US Expat Taxation Notes

US Expat Taxation Notes

The following is a summary of important information for US citizens living outside the US. Keep in mind that the numbers quoted in this document can change at any time and many of them change every year. You can find the most up-to-date information by searching for the names or abbreviations shown or by accessing the links included in the document.

Note that the following pages cover most, if not all, of the topics discussed below and in far greater detail:

Double Taxation and Tax Credits

  • At the moment, US citizens are taxed by the United States on worldwide income. In addition, anyone living in Japan is taxed by Japan on income resulting from work done in Japan or from investments located in Japan.
  • Anyone living in Japan for five out of the last ten years is considered to be a “permanent resident” for tax purposes (regardless of one’s status of residence) which means Japan taxes all worldwide income.
  • The United States and Japan have a tax treaty that attempts to avoid the possibility of double taxation. This is done by allowing credit on the tax return for one country for taxes paid in the other. The “United States” section of the following page contains a table of which country taxes what kind of income and which country provides a tax credit:
  • US citizens living outside of the United States may exclude a certain amount of their earned income (ie: salary but not investment income)) from taxation by the US. This is called the Foreign Earned Income Exclusion and must be claimed by filing Form 2555 with one’s tax return. Tax paid in Japan on ny income excluded under this provision may not be used for tax credit since there would be no US tax on that income, anyway. The amount of the exclusion changes every year to account for inflation but the 2024 exclusion amount is $126,500.

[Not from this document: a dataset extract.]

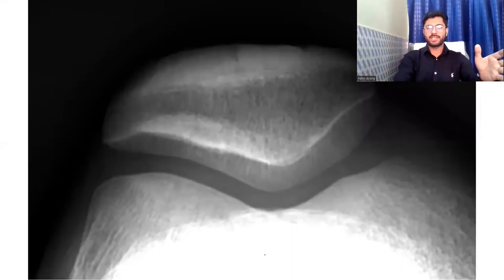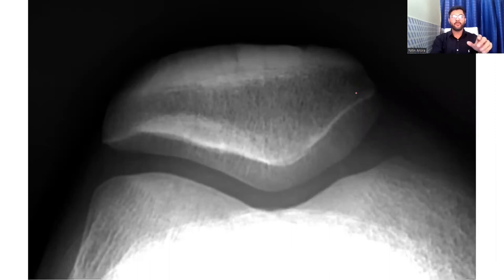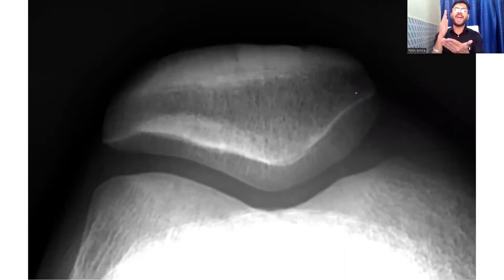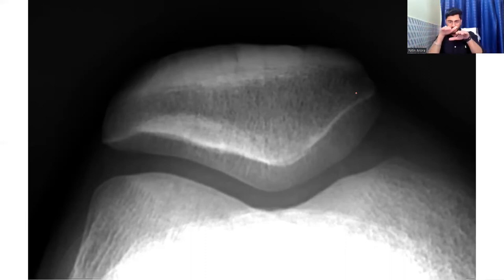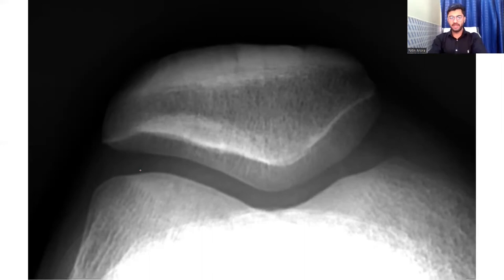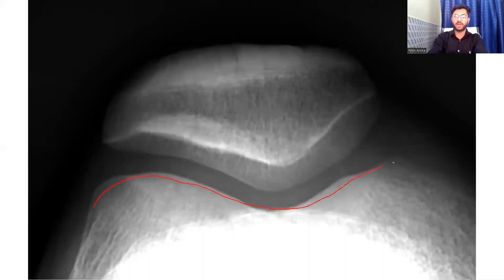Last but not the least, here you can see the skyline view of the knee joint. This is a type of x-ray you order if you do not see anything on the AP view or the lateral view. Skyline means a view from where you can see the top of the patella clearly. Over here you can comment on parts that are not visible in either AP view or lateral view — on this skyline view you can see the posterior part of the patella and the entire femoral condyles.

Passive Foreign Investment Companies (PFIC)

  • Some non-US investments (such as mutual funds, ETFs, REITs, etc) which are not registered with the US Securities and Exchange Commission (SEC) are considered by the IRS to be Passive Foreign Investment Companies. The reporting requirements and taxation of PFICs is very complex and possibly more expensive than regular investments. These are best avoided altogether.
  • Funds, ETFs, and REITs which are registered with the US SEC (mostly US-based funds, ETFs, and REITs) are likely not considered PFICs and should be OK to own. Direct investment in US companies (not via a fund) is almost certainly OK. Also, direct investment in foreign companies that are active businesses (such as McDonalds) should be OK.
  • There are exceptions. For example, certain types of foreign pensions may be exempt. Is in doubt, it might be a good idea to consult with a tax advisor.
  • It seems possible that the SPDR S&P 500 Index ETF (1557 on a Japanese brokerage) does not count as a PFIC investment so it might be a good option for long-term investing if you don’t have access to US stocks and ETFs (like if you’re investing via a NISA).

Retirement Savings

  • As a US citizen, you should be entitled to contribute a certain amount of your income to a US-based Individual Retirement Account (IRA). You may have trouble finding a company that will allow you to open an IRA account, thanks to US banking regulations. But if you spend any time working in the US, you may be able to open an account there and keep it after you return to Japan.
  • You can contribute to a Japanese self-directed retirement account, like a NISA, as long as the money is only used to buy US stocks, bonds, and ETFs. If you allow your NISA money to be used to purchase Japaese mutual funds, you will likely run into the PFIC complications described above. That means the Tsumitate part of a NISA account and the current version of iDeCo should not be used as long as you hold US citizenship without consulting a competent tax professions.
  • Note that, in most cases, income from dividends and capital gains in an iDeCo or NISA account might not be tax deferred on your US tax return. That means you will avoid paying tax on that income in Japan but you will end up paying tax in the US. Since taxes paid in Japan can be used to reduce or eliminate any tax paid on that same income in the US, there is probably no benefit at all to using a Japanese retirement savings account.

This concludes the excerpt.